Pressure foot, feed dog, faceplate, oh my! National Sewing Machine Day is Saturday, June 13.
I’m dreaming of spools and bobbins full of colorful threads, rather than wintry candy and sugarplums these days. I always find the urge to dust off the sewing machine in summer. Cute skirts, tops, aprons and sunbonnets start popping ideas into my head. Rather than turning on the dreaded news, I want to binge-watch YouTube tutorials on quilt-making, costumes and crafts.
It’s not all my fault though. My addiction (yes it definitely is an addiction) is fed by sweet ladies in our community who take it upon themselves to donate to the cause (or enable my habit). I seem to be the perfect recipient of their cast-off housecleaning and downsizing efforts. After all, I am the sewing mother of a large family, I must be in need of more sewing machines and fabric. I seldom turn down such donations, but keeping up with them is another story entirely.
I have more UFO’s in my sewing space than Area 51. (UnFinished prOjects, that is.) I use to keep up a lot more than I do now. New brides got a set of placemats with a matching apron and new mothers got a handmade receiving blanket or quilt.
I’m not really sure when I fell behind, but life happened and my sewing machines and I fell out of favor. Now I dust them and oil them for special occasions. Last year it was two weddings. (By the way, if two of your daughters decide to get married within a few months of each other, run away from home.) This year, it has been a new grandbaby and mask-making. As the summer continues, I intend to hone my potholder skills, finish a few projects and make some new outfits for our little granddaughter.
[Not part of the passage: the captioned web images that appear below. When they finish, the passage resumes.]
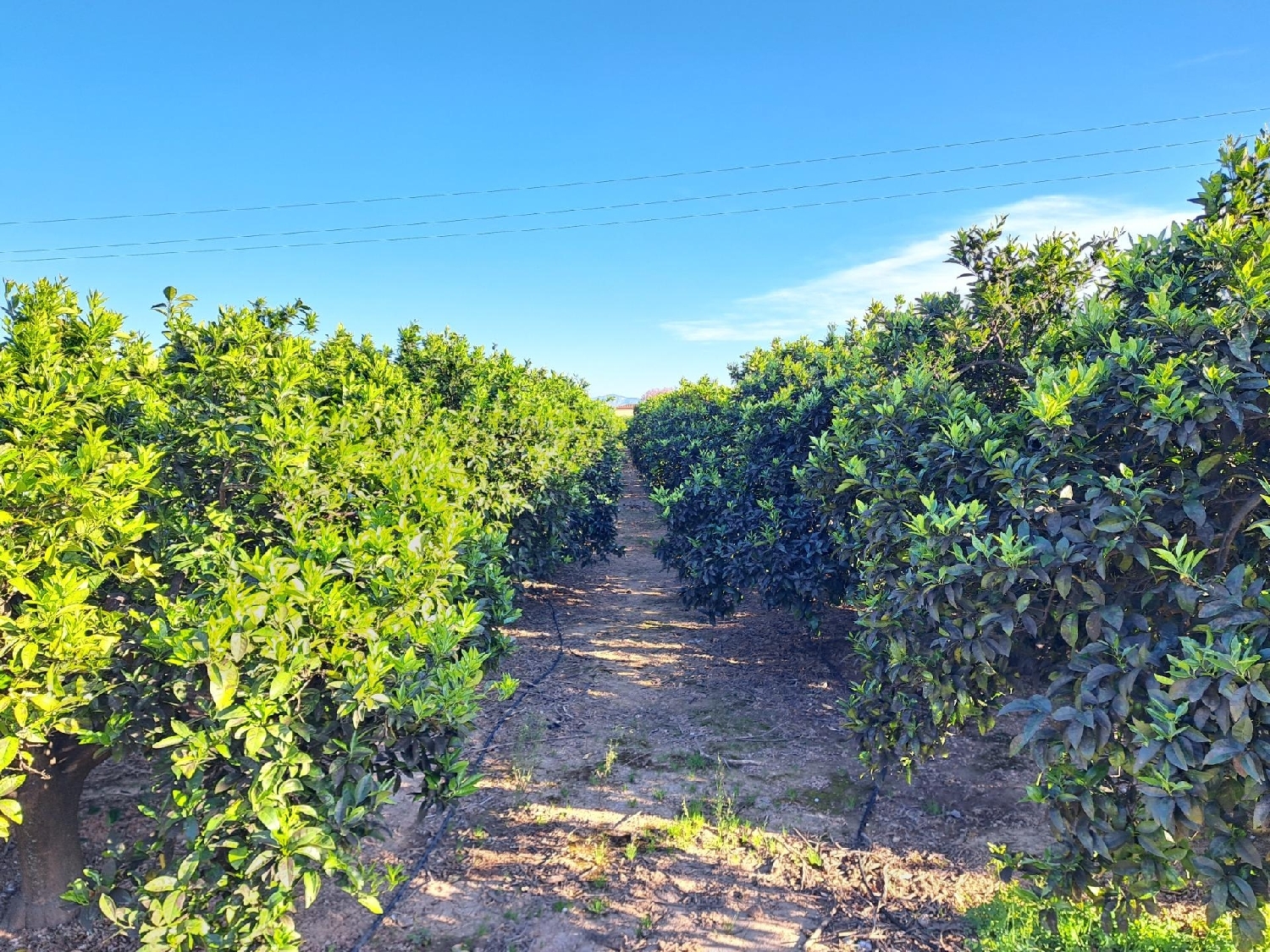 till salu tomt Alzira Ribera Alta 3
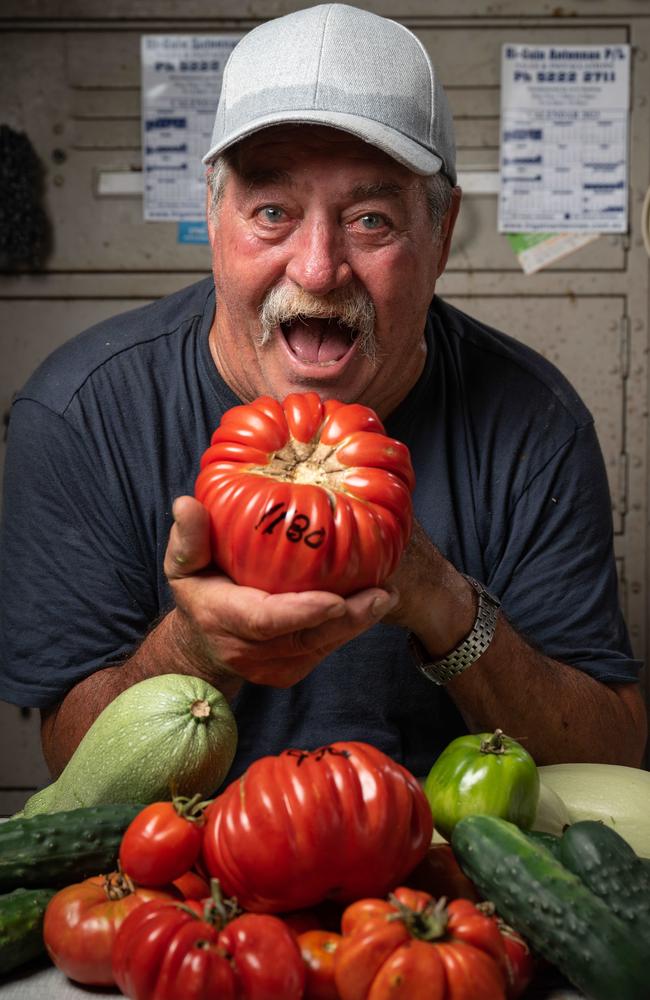 Geelong West's Vince Leone has grown a tomato weighing is more than 1kg. Picture: Brad Fleet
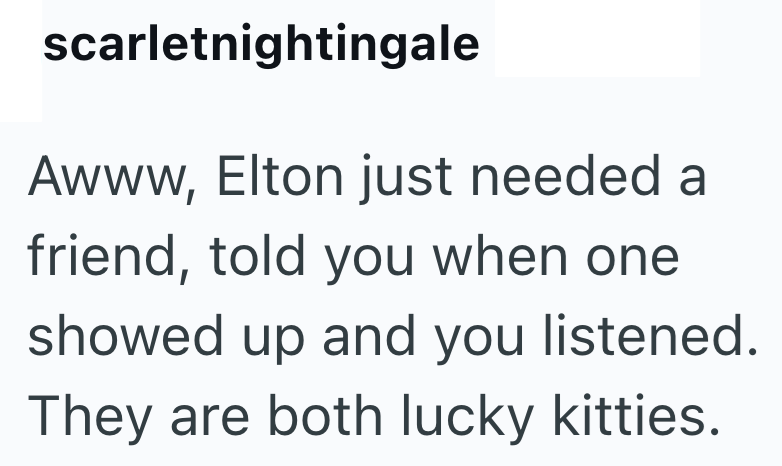scarletnightingale Awww, Elton just needed a friend, told you when one showed up and you listened. They are both lucky kitties.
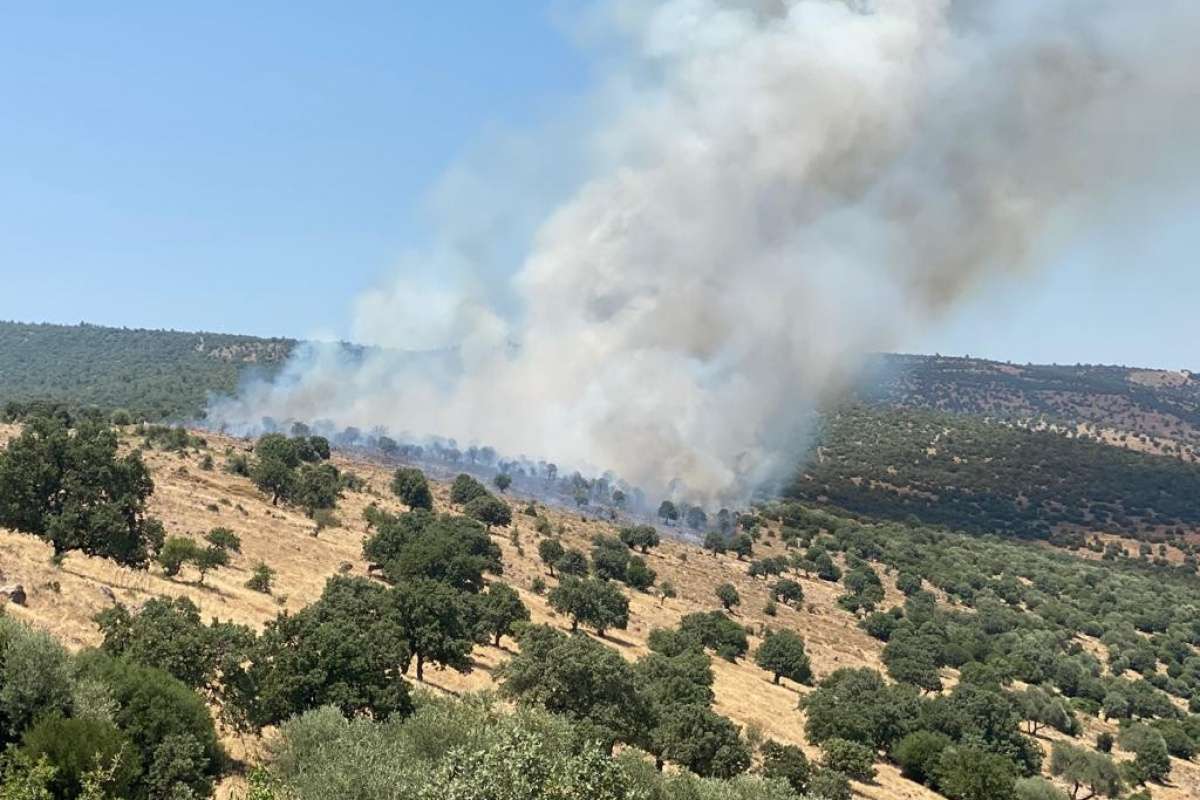 Manisa'da makilik alanda yangın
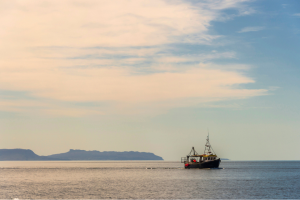 Yeni Su Ürünleri İhracatı Gereklilikleri 8 Ocak 2026'dan İtibaren Geçerli Olacak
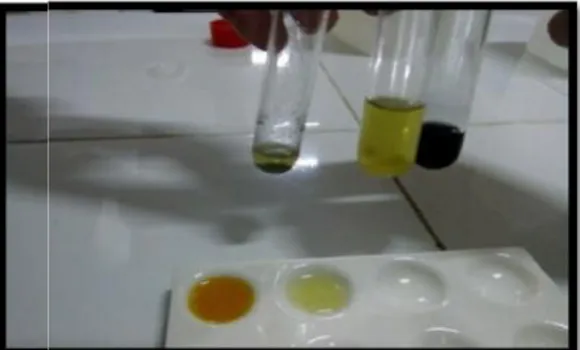 Gambar 2. Hasil Identifikasi Uji Alkaloid, Tanin, dan Flavonoid.Bioscientist : Jurnal Ilmiah Biologi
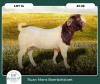 1X BOER GOAT KUDDE 42-416 BUCK RUAN MANS BOER GOAT STUD - 2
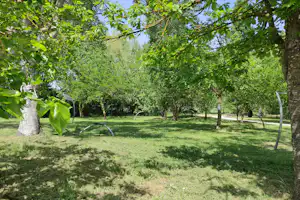 Area Sosta Camper Il Chiaro - Standplätze im Grünen auf dem Campingplatz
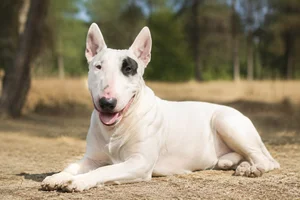 Bull Terrier — lying down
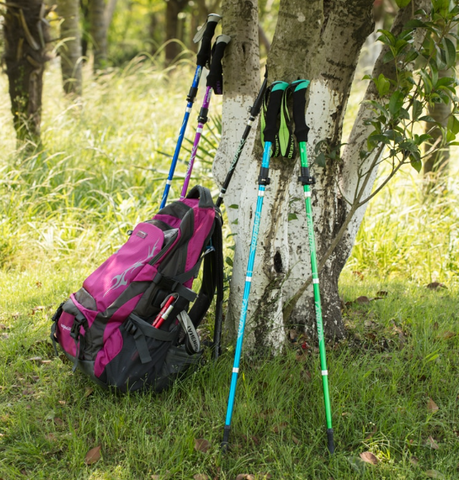 Adjustable Lightweight Trekking Poles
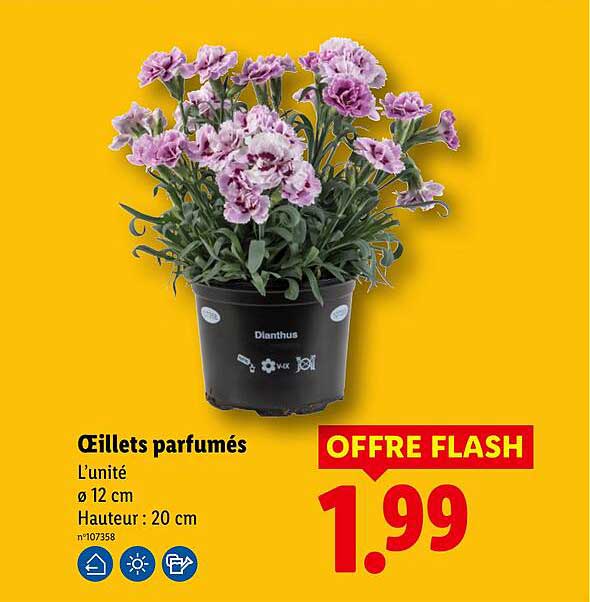 Œillets parfumés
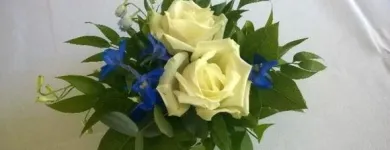 Yrityksen 1 kuva PIRKKALAN KUKKAPALVELU OY  Pirkkala 11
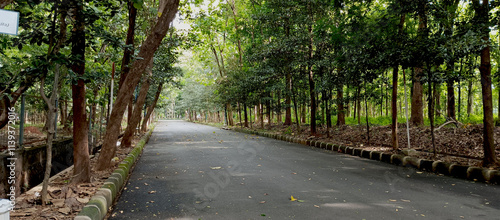 Forest road in the area of ​​the Al-Zaytun Islamic Boarding School, Indonesia photo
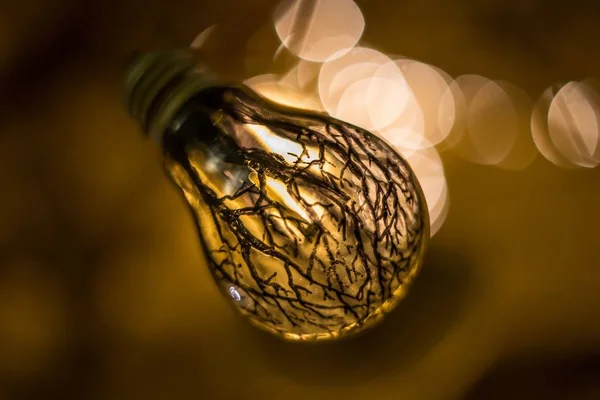 Крупним Планом Знімок Лампочки Деревами Намальованими Склі — стокове фото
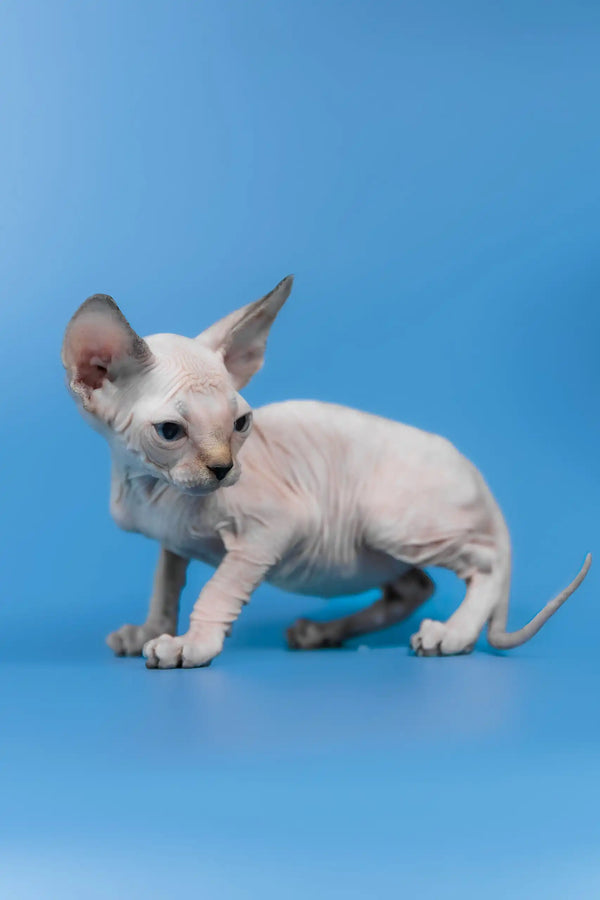Kris | canadian sphynx kitten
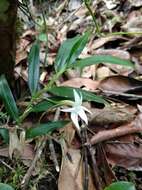 Image de Angraecum mauritianum (Poir.) Frapp.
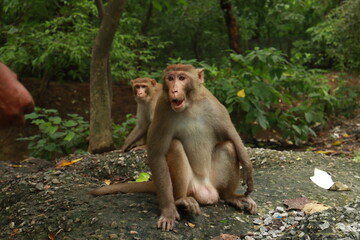 An Adult Monkey And a Baby monkey sitting on the ground with a green jungle or forest in the background, ground with trash, In kushmi Jungle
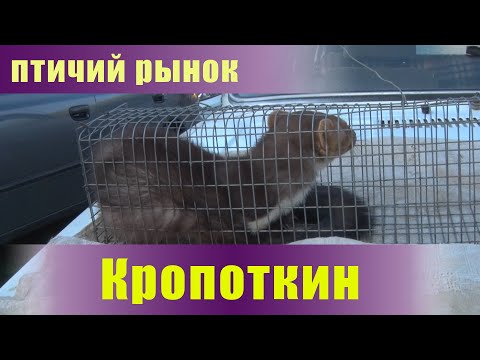 Видео: Птичий рынок. Кропоткин. Часть 3. [25.09.2022]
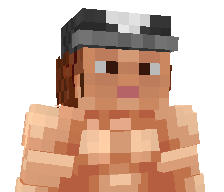 Wiktoast's skin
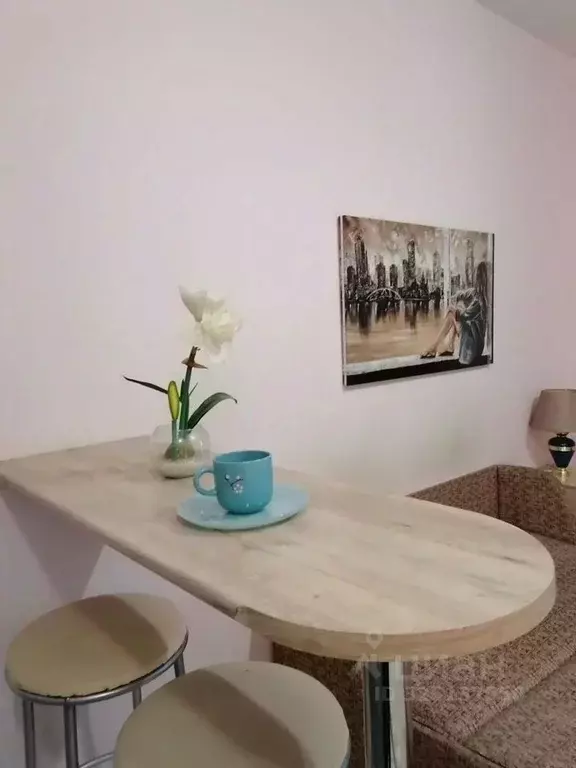 Студия Московская область, Электросталь Ногинское ш., 36к4 (28.0 м) - Фото 1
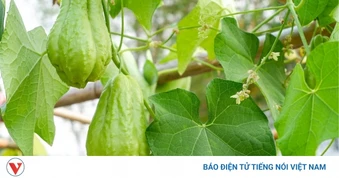 Cây thuốc đại bổ từ lá đến quả đều rất tốt, ăn vào dưỡng gan lại bảo vệ tim mạch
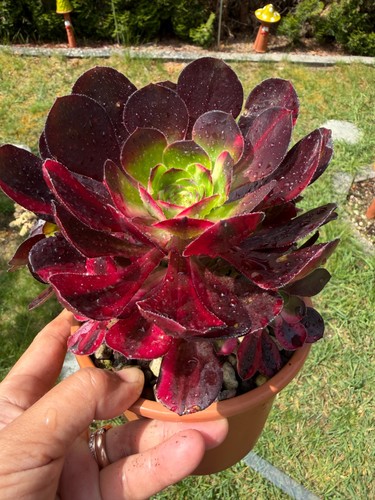 Aeonium chanel rainbow - aeonium,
First, I need to service the poor, neglected machines and get them in prime shape for a sewing marathon. (Then pick through the out-of-date patterns that are coming back into style.) Instead of turning on the screen, why not pick up a forgotten hobby and turn the frustration of our day into something productive? Wouldn’t it be amazing if all the area County Fairs had twice as many entries this year? If you aren’t sure where to start, call up the ladies at the local OSU Extension office and ask for ideas. They have patterns and recipes too.